Much to be gained by the 'smarter' opening and closing of bumblebee nest boxes

Higher pollination rates in artificially-lit tomato nurseries

The 'smarter' opening and closing of bumblebee nest boxes results in more pollination time and thus higher pollination rates. This was shown by tests conducted in the greenhouse facilities of Dutch tomato producer KesGro earlier this year. The research has provided new insights and knowledge about the behaviour of bumblebees and bumblebee colonies in artificially-lit tomato nurseries.

Bumblebee pollination in artificially-lit tomato nurseries can sometimes be a problem in the winter months, especially on days with limited daylight. Since the flowers usually close around noon, the bumblebees only have a short time to do their jobs. This may result in a lower pollination percentage than normal.

In autumn 2013, Koppert Biological Systems and HortiMaX discussed the idea of controlling the Wireless Beehome system (WBH), which regulates the opening and closing of the bumblebee nest boxes, from a climate computer. The companies developed a special bumblebee software module which not only opens and closes the nest boxes based on the pre-set clock times, but also takes into account sunrise and sunset times, solar irradiance (incoming sunlight) and the position of the screens. This method provides more effective pollination time for the bumblebees and thus a higher pollination rate of the crops.

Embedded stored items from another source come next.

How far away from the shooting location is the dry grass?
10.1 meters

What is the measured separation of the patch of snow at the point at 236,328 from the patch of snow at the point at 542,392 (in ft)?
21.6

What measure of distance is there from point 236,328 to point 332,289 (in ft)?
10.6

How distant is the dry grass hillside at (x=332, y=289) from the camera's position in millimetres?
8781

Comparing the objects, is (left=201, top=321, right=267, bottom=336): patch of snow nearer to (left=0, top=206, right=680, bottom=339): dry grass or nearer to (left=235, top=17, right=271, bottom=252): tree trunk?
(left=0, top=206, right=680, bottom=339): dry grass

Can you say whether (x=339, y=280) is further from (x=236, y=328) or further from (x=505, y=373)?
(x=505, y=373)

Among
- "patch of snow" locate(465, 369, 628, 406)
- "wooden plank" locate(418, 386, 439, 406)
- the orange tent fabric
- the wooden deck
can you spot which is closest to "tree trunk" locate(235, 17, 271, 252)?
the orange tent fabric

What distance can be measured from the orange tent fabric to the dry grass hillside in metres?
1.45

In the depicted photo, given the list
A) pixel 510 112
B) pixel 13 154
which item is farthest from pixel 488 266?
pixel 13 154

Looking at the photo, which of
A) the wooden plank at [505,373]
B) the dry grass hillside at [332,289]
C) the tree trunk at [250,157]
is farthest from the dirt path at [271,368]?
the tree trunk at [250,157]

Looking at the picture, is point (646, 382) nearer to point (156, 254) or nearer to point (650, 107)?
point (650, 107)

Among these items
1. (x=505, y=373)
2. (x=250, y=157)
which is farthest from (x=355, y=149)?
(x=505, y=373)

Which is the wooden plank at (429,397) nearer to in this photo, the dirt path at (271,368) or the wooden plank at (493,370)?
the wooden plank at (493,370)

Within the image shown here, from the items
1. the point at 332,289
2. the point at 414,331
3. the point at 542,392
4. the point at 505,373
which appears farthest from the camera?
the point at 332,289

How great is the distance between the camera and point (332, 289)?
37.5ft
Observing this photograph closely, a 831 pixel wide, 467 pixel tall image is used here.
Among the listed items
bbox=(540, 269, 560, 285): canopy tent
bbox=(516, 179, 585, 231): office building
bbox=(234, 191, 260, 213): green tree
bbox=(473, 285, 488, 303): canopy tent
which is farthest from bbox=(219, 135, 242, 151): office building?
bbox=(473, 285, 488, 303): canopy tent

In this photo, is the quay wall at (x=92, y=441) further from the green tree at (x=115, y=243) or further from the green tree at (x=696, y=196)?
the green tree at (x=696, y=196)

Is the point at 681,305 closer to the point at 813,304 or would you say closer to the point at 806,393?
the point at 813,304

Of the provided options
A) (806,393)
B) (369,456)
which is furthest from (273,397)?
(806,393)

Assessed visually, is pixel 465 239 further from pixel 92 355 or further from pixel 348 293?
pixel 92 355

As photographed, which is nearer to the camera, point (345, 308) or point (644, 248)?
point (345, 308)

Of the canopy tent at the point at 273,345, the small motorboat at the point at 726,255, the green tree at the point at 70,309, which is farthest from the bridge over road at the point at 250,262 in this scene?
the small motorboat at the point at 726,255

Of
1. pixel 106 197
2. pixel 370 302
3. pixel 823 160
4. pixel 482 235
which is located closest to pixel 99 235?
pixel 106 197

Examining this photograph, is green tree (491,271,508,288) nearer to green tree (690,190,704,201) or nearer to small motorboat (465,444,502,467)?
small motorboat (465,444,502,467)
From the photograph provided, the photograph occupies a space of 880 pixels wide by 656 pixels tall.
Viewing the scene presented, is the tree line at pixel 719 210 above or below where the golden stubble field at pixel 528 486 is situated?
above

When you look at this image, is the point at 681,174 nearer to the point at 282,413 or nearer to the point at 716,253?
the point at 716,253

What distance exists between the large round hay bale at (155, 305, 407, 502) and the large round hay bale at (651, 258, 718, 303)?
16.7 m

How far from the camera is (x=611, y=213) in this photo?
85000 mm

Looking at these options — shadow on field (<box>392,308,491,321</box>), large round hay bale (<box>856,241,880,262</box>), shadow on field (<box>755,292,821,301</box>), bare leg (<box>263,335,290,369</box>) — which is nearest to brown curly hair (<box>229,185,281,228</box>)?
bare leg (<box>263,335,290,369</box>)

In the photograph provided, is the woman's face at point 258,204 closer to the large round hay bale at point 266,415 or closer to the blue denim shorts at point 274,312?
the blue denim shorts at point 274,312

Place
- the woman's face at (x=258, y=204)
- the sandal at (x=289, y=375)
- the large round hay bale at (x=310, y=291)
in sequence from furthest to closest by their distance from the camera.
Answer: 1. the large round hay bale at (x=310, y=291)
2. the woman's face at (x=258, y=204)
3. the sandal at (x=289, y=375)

Artificially-lit greenhouses
Until recently, the standard recommendation was to open the nest boxes automatically between 10 a.m. and 3 p.m. (relatively the brightest part of the day). If the screens close before 3 p.m., it is best to close the WBH flight holes half an hour before the screens close. This gives the bumblebees enough time to return to their nest boxes.
In order to pollinate all the flowers in the greenhouse, bumblebee colonies require at least two hours a day and sufficient daylight. This means that in most artificially-lit greenhouses the nest boxes must open at 10 a.m., as the flowers close around noon on days that the lights switch on at midnight. Every minute of extra pollination time allows more flowers to be pollinated.

Test regimes
To conduct the research at KesGro, the new software module was used to program 10 ‘test regimes’ with different opening conditions in the company's climate computer. These variations in the opening conditions included different levels of solar irradiance (in W/m2), various sunrise times and whether or not the screens were open. The researchers determined which of the regimes resulted in the highest total, but above all the highest effective, pollination time.
Controlling the nest boxes based on solar irradiance proved to be extremely effective. The test that produced the best results was when the nest boxes were opened once a smoothed solar irradiance of at least 30 W/m2 was reached and the nest boxes always opened at 10 a.m. These conditions resulted in an additional 9.8% effective pollination time in both December and January. That is a significant improvement if you consider that bumblebees have only two hours a day to pollinate the flowers with the current WBH control regime.

Return-to-nest time
The research confirmed the theory that the quantity of light in the greenhouse affects the time it takes the bumblebees to fly back to the nest. On different days, the researchers observed how long it took before all the bumblebees had returned to the nest boxes after the WBHs had been shut. This total duration was linked to the average light intensity during the observation period. It showed that bumblebees required less time to return to their nest boxes on bright days than on dark days. This means that on dark days the nest boxes must be closed at least two hours before the screens close, otherwise as much as 10% of the bumblebee population may be lost on a daily basis.

The research has provided new insights and knowledge about the behaviour of bumblebees and bumblebee colonies in artificially-lit tomato nurseries. Graphs and tables allow growers to see precisely when and how long the nest boxes were open. The research project will continue in the coming lighting season.